22 mars 2009

Ce temps qui s'écoule comme eau dans le sable

"Je lis dans le marbre la saignée du temps."
Régine Van Damme
 
Les lectures de ce samedi printannier paisible ramènent dans leur filets quelques perles qui s'enfilent comme un seul collier de réflexions sur le temps qui s'écoule, insaisissable, prodigieuse machine à souvenirs sans cesse renouvelés. La nouvelle de Stefan Zweig "Le voyage dans le passé", écrite en 1929 et éditée par Grasset cette année, est allégorique en elle-même. Qu'un texte  intégré  modestement à un recueil  collectif paru à Vienne au début du siècle passé  puisse renaître près d'un siècle plus tard et se positionner en tête des ventes plusieurs semaines d'affilée, répondant par sa modernité de ton à une angoisse diffuse de notre monde actuel, interpelle: appartenir au passé et vieillir sont-ils synonymes?
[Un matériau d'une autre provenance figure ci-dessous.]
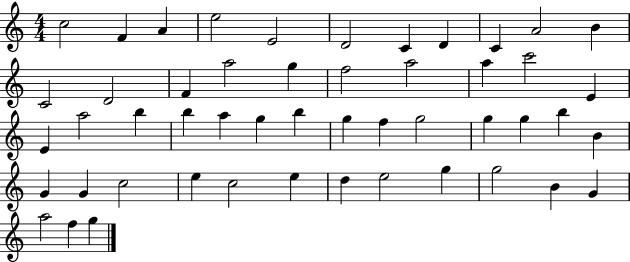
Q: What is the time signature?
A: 4/4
L'histoire âpre de ce couple séparé par un océan, un mariage et une guerre  tient en une centaine de pages et une phrase lucide: "Je compris alors que le passé ne se rattrape jamais." Phrase qui n'est pas reprise à Zweig mais à Karel Schoerman dont le dernier ouvrage sort ce mois chez Phébus: la constante de la fuite du temps ne se réduit ni à une époque, ni à une culture précises. Y répond en écho un peu désabusé le colloque sentimental de Verlaine, qui clôt et éclaire "Le voyage dans le passé": 

Dans le vieux parc solitaire et glacé
Deux formes ont tout à l'heure passé.
Leurs yeux sont morts et leurs lèvres sont molles,
Et l'on entend à peine leurs paroles.
Dans le vieux parc solitaire et glacé
Deux spectres ont évoqué le passé.
Te souvient-il de notre extase ancienne ?
Pourquoi voulez-vous donc qu'il m'en souvienne ?
Ton coeur bat-il toujours à mon seul nom ?
Toujours vois tu mon âme en rêve? Non.
Ah! les beaux jours de bonheur indicible
Où nous joignions nos bouches! C'est possible.
Qu'il était bleu, le ciel, et grand l'espoir !
L'espoir a fui, vaincu, vers le ciel noir.
Tels ils marchaient dans les avoines folles,
Et la nuit seule entendit leurs paroles.

Paul VERLAINE, Fêtes galantes (1869) Colloque sentimental.

Lu dans:
Ma voix basse. Régine Van Damme. Escales du Nord. Le Castor astral. 2004. 170 pages. Extrait p.40
Le voyage dans le passé. Stefan Zweig. Grasset 2008. 175 pages. Traduction Baptiste Touveray , suivi du texte intégral allemand.
Cette vie. Karel Schoerman. Traduit de l'afrikaans par Pierre-Marie Finkelstein. Phébus. 2009. 265 pages.